Domaine de la Loue: Catherine Hannoun

Catherine Hannoun of Domaine de la Loue produces excellent Jura wines from plots near Pupillin and Marnoz. Her Savagnin, from a plot near Pupillin is a real revelation. It is complex, pure and delicious!

Her domaine is named after the Loue river which rises from a spring slightly north-west of the town of Pontalier near the Swiss border and then snakes its way across the Jura to form the border between Doubs and the Jura.

We met Catherine at a salon in Paris and after trying her delicious wines were eager to import them to Australia. We were delighted that she agreed even though she only farms approximately 3 hecatres, so has very little wine.

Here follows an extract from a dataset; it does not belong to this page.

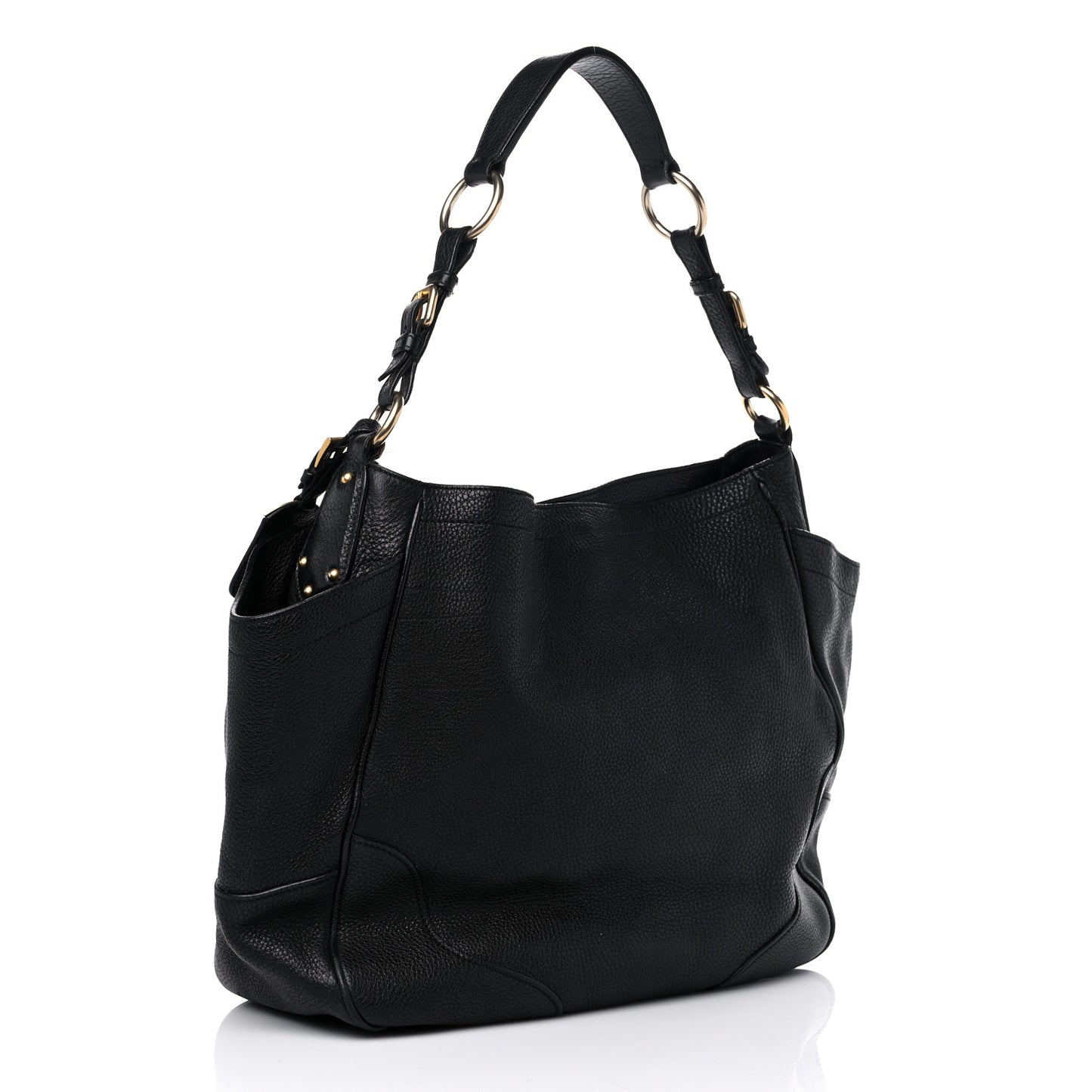 Vitello Daino Shoulder Bag Black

Catherine became intrigued with winemaking when working as a producer on Nossiter’s famous film about the wine industry called Mondovino. She moved to the Jura in 2009 and began making wine after converting some vineyards to organic.

The following wines will be arriving in early February, so let us know if you would like a small allocation!

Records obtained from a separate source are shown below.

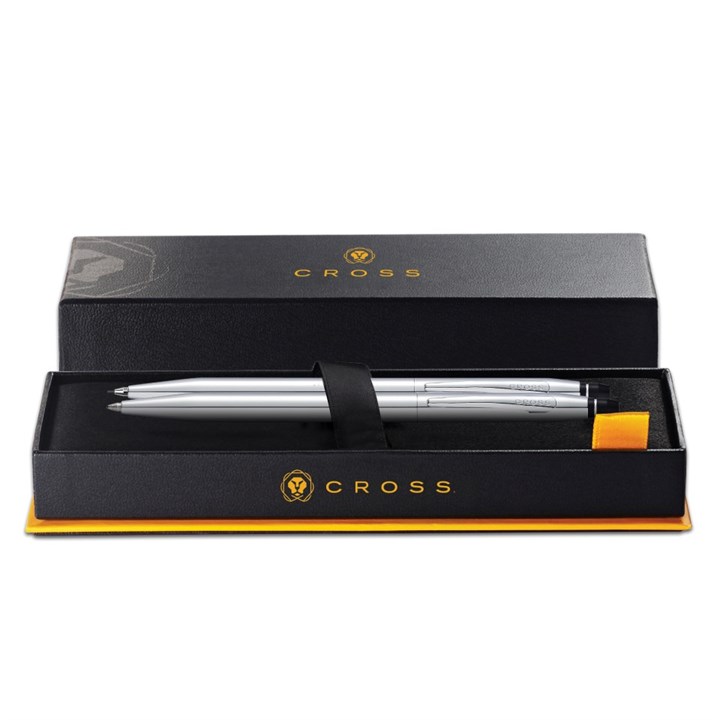 AT0621-101 Click Chrome Ballpoint And Pencil Set - A21159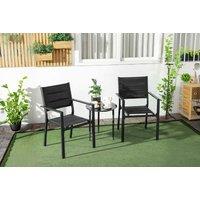 Outsunny Stackable Aluminium Garden Chairs - Set of 2, Weather-Resistant, Modern Black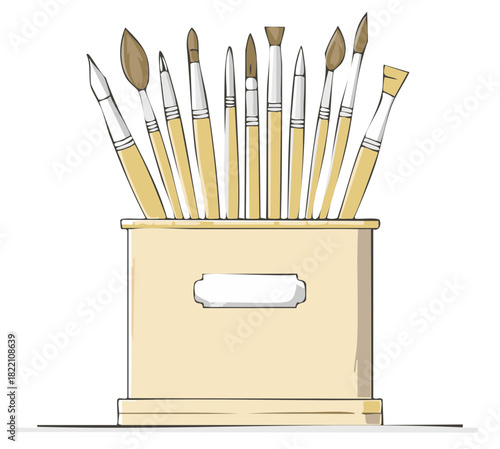 Artistic Paintbrushes in a Box Illustration, Creativity Supplies for Painting, Sketching and Drawing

Domaine de la Loue Savagnin 2017

This is a pure Savagnin made from a plot of land called Sous Roche near the village of Pupillin close to Arbois. The vines are now thirteen years old and grow in grey marl clays which are on a slope that faces east south-east.

The grapes were harvested by hand in September 2017, direct pressed and then underwent natural fermentation in stainless steel tanks. After fermentation was complete, two-thirds of the juice was transferred to old 220 litre barrels. The juice was transferred back to the stainless steel tank one month before bottling (August 28, 2019). The wine was not fined or filtered and no sulphur was added.

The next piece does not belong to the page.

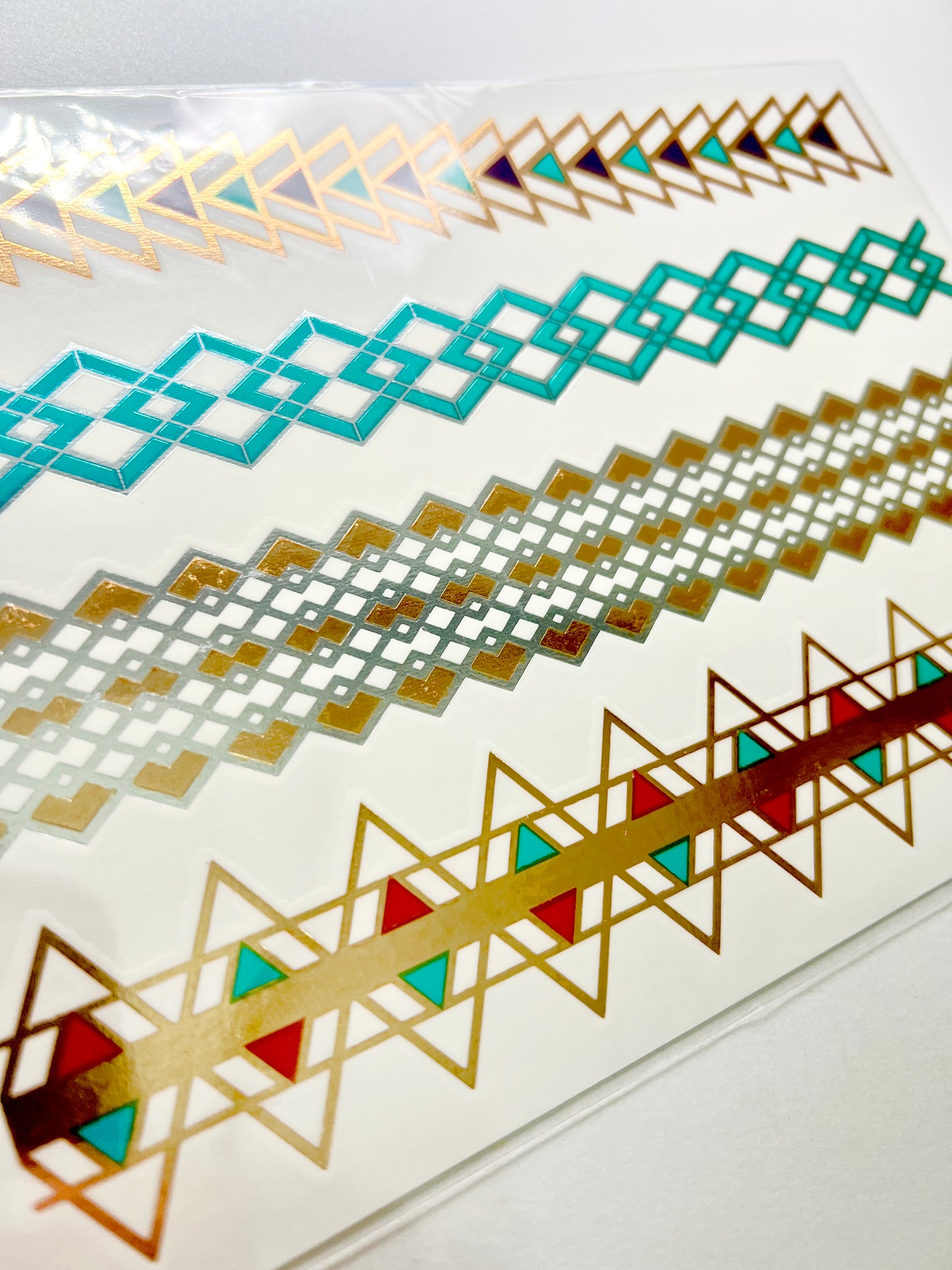 Flechas y Diamantes en dorado y plateado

Domaine de la Loue La Brute 2018

La Brute is made from 100% Pinot Noir grapes from an organic plot near the village of Marnoz where the vines are almost 36 years old. Here they grow in limestone clays where the plot faces south-east.

The grapes were picked in September 2018 and then packed into stainless steel tanks, with the first 40 centimetres of grapes destemmed, then the next 40 centimetres whole bunch and so on to create what Catherine calls a millefeuilles! The juice was macerated for 6 weeks before being pressed and returned to the stainless steel.

The wine was bottled is August 2019 with any fining, filtration or addition of any sulphur.